Mi nombre es Kenny Alexander Briones Mendoza. Mi vida estudiantil inició desde la escuela, en la cual, por consejos y buena crianza de mi madre, me inculcó a estudiar. Siempre repite que el estudio es lo único que nos llevara lejos, de forma profesional y personal. A medida que crecí me di cuenta de que no estaba tan alejado de la realidad. Ahora le doy la razón y comparto ese pensamiento con cuanto niño o adulto puedo aconsejar. 

Estudié, en mis inicios, en el CADE Escuela Adventista del Ecuador, donde me enseñaron valores bíblicos. En sexto curso por problemas monetarios me cambiaron a la Escuela Ciudad de Caracas, donde tuve la honra de estudiar con muy buenos profesores.

En el colegio ingresé en la nocturna, en el prestigioso Instituto Julio Moreno Espinosa, mejor conocido como “El Técnico”. Pasé a la tarde y luego me gradué en la mañana, pues diversificado era solo en la mañana y noche, una gran experiencia ya que al ser un colegio fiscal los profesores eran muy exigentes y el nivel de estudio muy alto. A la edad de 14 años entre trabajar como ayudante de un ingeniero de sistemas, el cual me dio las pautas para conocer el mundo de la tecnología.

Quise ir a otras ciudades para seguir mi educación superior, pero me gustó la PUCE Santo Domingo, por enseñar a sus alumnos valores y principios que son importantes en un profesional que saldrá al mundo laboral. En un principio escogí la carrera de Ingeniería en Sistemas, pero a los pocos semestres me di cuenta de que mi verdadera vocación era algo más que las computadoras. Me gustaban las finanzas, por lo que me incliné por Ingeniería Comercial. Al principio vi como ingresamos 4 paralelos de 50 personas en cada aula y a medida que pasábamos los semestres, se iba reduciendo el número de compañeros por diversos motivos.

Mientras cursaba la universidad, atendí los negocios de mi familia donde fui mesero, vendedor, cajero, etc. Seguí pasando los semestres con muy duras malas noches pero totalmente fructíferas. Ingrese a un trabajo como auxiliar financiero, luego como encargado de un restaurante y así. Hasta que llegó el día de graduarme, después de varios años. La alegría tremenda del deber cumplido, ser Ingeniero Comercial de la PUCE Santo Domingo.

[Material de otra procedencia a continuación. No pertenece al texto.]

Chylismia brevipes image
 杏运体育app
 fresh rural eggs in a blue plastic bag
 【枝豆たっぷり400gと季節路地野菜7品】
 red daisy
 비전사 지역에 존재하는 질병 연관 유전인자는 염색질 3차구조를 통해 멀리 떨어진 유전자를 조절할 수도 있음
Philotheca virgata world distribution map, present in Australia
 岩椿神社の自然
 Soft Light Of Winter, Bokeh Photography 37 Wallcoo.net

Ingresé como inspector de una institución educativa. A los pocos meses me ascendieron a Director General. En ese momento entendí que tener tercer nivel en educación no era ya suficiente, pues yo trataba con docentes que tenían maestría y yo siendo Director solo poseía un título de tercer nivel. Así que decidí ingresar a estudiar, primero seguí una especialización en entornos virtuales y docencia educativa, desde ya conocí el mundo “en línea”. Luego, ingresé a la UEES “Universidad de Especialidades Espíritu Santo”, a seguir una maestría en administración y gestión de empresas MBA.

Fui gerente de una plaza comercial y entré a laborar en el sector público, donde me he desempeñado como analista de talento humano para el Ministerio del Ambiente, coordinador administrativo financiero, auditor externo para el Consejo de Participación Ciudadana y Control Social. En este punto me especialicé en Compras Públicas en la ESPE, pero no era suficiente. Decidí seguir mi segunda maestría, esta, en economía y finanzas, la cual actualmente estoy a menos de un año de culminar.

Fui escogido, entre muchos aspirantes, para trabajar en la Fiscalía General del Estado para el puesto de Director Provincial de Recursos. Cargo en el que, como autoridad provincial, sigo desempeñando, aprendiendo día a día y enriqueciendo mi parte profesional a cada momento. Uno jamás deja de aprender y jamás debería dejar de estudiar.

Me siento enormemente feliz de pertenecer a la familia PUCE Santo Domingo, fue mi base estudiantil universitaria. Es grato recordar grandes profesores con amplia experiencia y muy bien letrados, debo expresar que es un orgullo representar a la Sede Universitaria y llevar su nombre en alto.